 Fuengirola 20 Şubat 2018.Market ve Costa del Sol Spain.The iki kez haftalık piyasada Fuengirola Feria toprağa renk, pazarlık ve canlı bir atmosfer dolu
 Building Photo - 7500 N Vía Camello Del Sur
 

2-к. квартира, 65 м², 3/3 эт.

◆ ◆ ◆ ◆

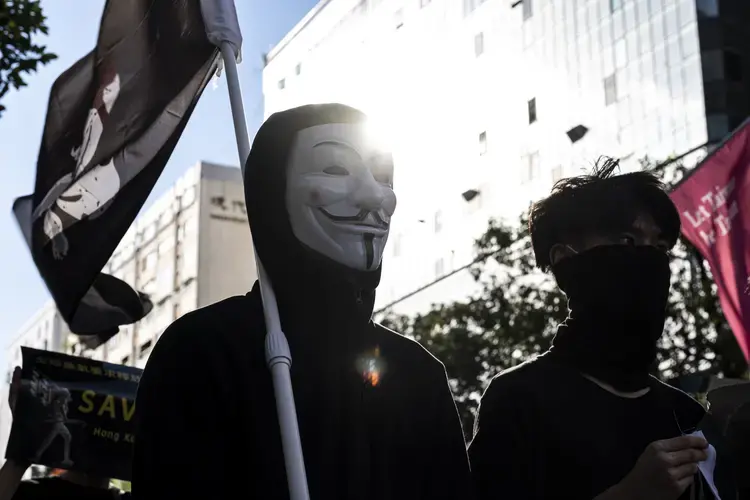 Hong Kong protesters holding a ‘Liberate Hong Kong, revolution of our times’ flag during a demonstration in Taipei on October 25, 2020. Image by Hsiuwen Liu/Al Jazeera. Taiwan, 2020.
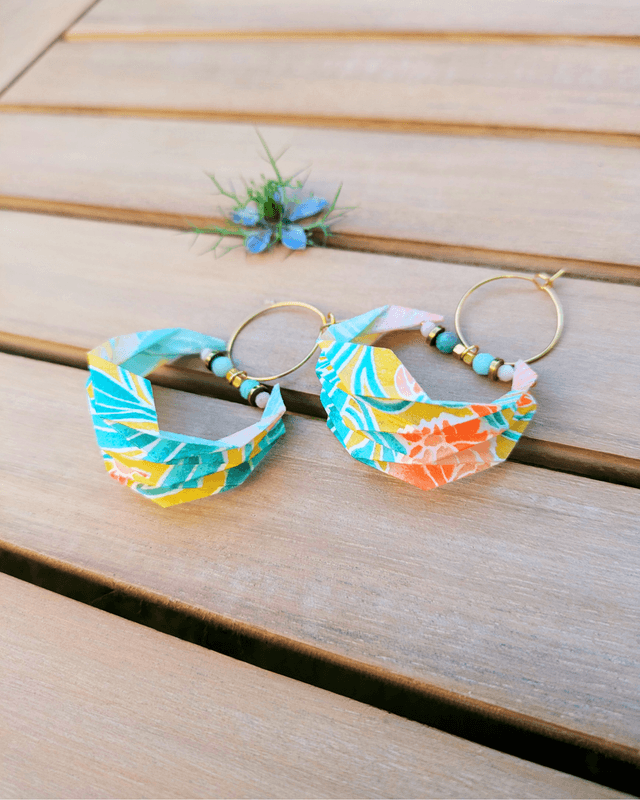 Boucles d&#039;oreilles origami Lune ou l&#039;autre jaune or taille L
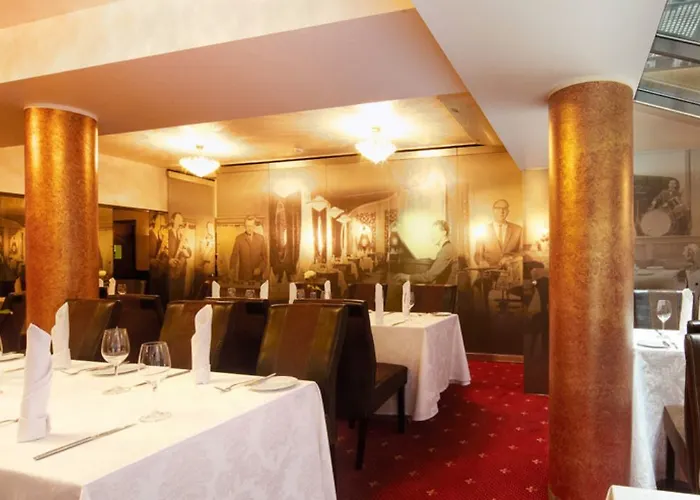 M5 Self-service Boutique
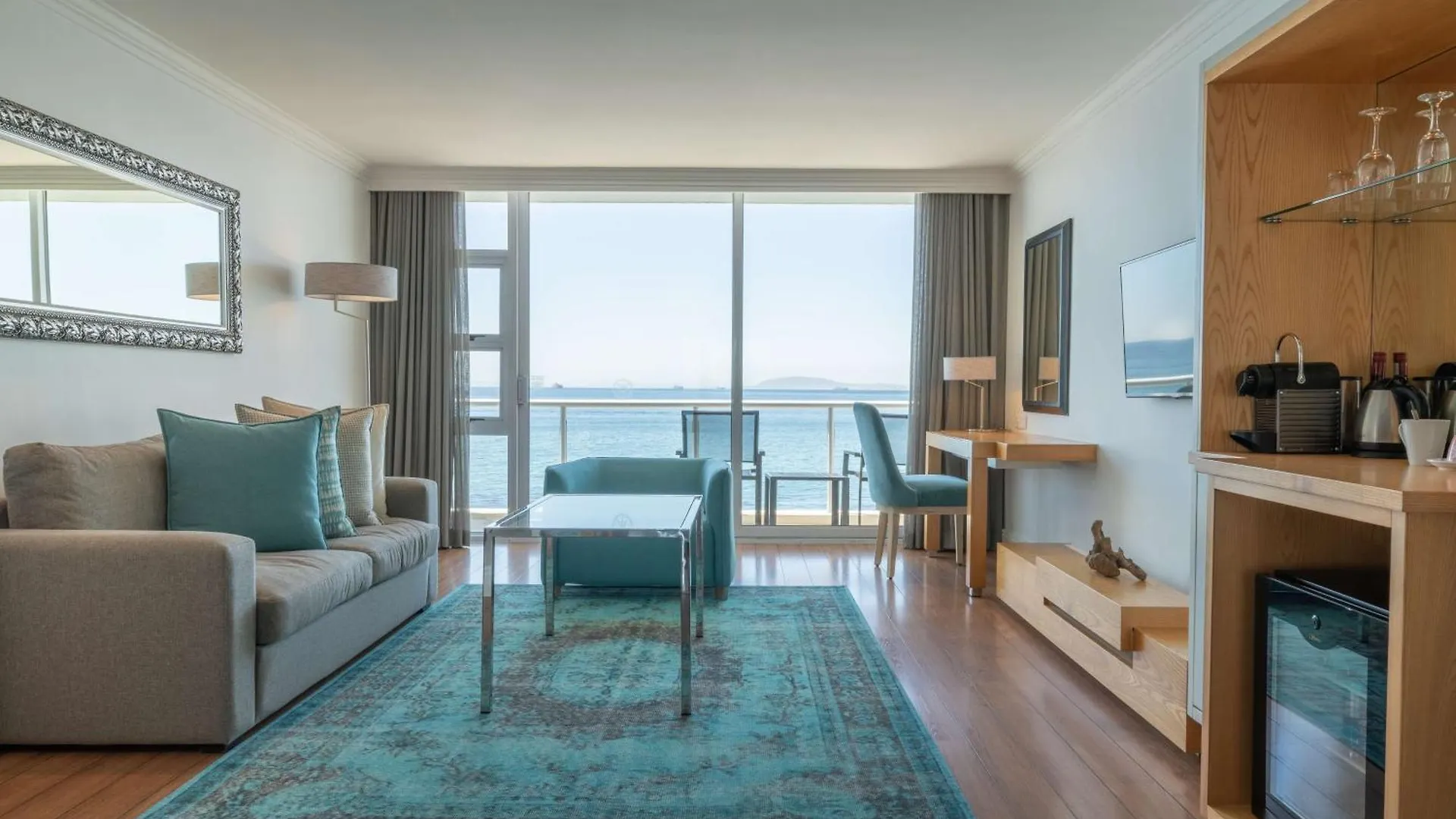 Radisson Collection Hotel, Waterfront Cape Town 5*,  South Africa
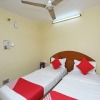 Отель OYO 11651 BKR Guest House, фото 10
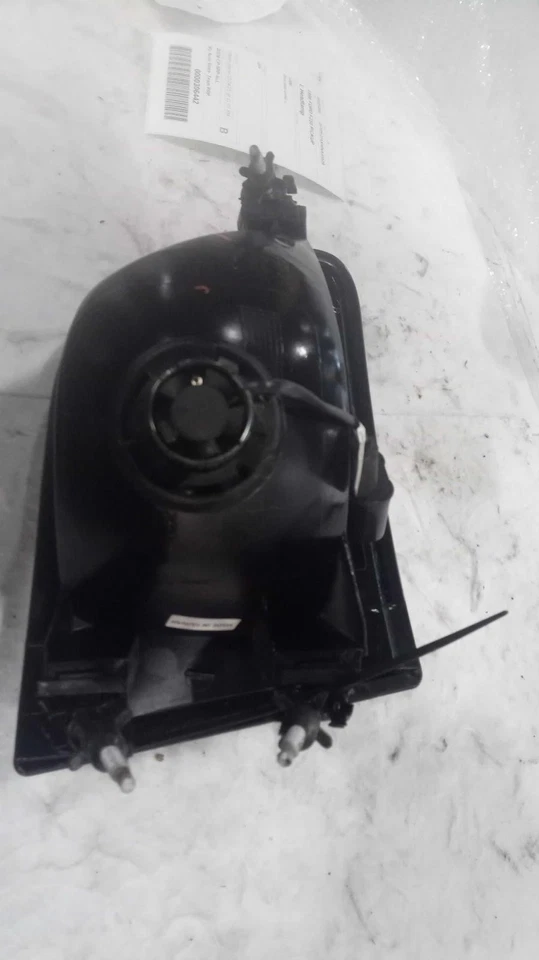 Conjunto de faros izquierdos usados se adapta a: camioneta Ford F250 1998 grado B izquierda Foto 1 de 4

◆ ◆ ◆ ◆

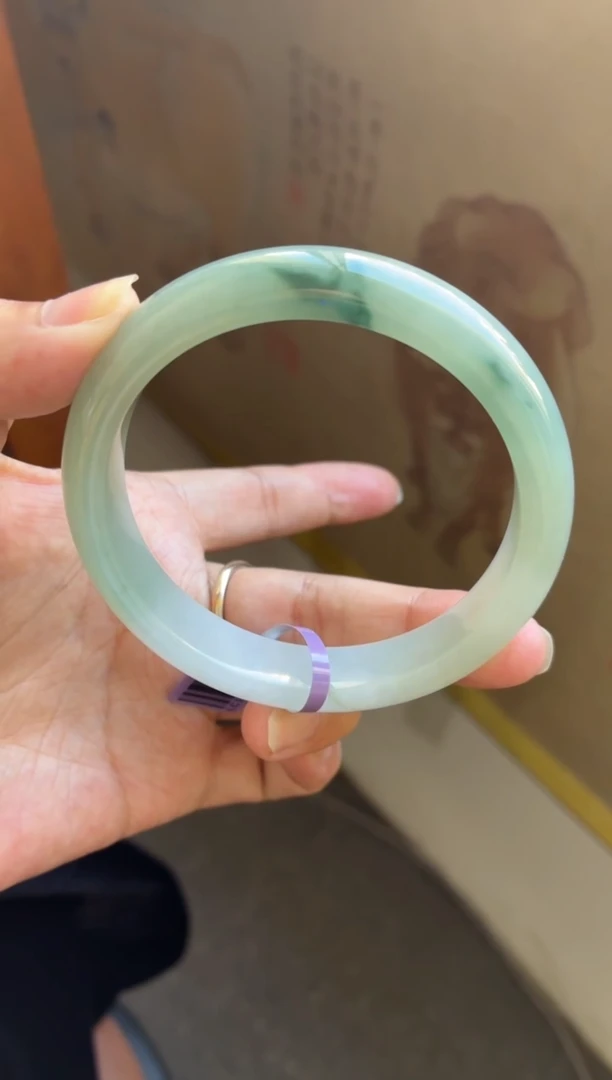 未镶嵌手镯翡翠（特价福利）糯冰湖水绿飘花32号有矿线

◆ ◆ ◆ ◆

- _What is expected_: Take exactly the lines from the one containing "Fuengirola 20 Şubat" through the one containing "2-к. квартира, 65 м², 3/3 эт." in the data above, and output them with nothing added.

- _Answer to this task_:
 Fuengirola 20 Şubat 2018.Market ve Costa del Sol Spain.The iki kez haftalık piyasada Fuengirola Feria toprağa renk, pazarlık ve canlı bir atmosfer dolu
 Building Photo - 7500 N Vía Camello Del Sur
 

2-к. квартира, 65 м², 3/3 эт.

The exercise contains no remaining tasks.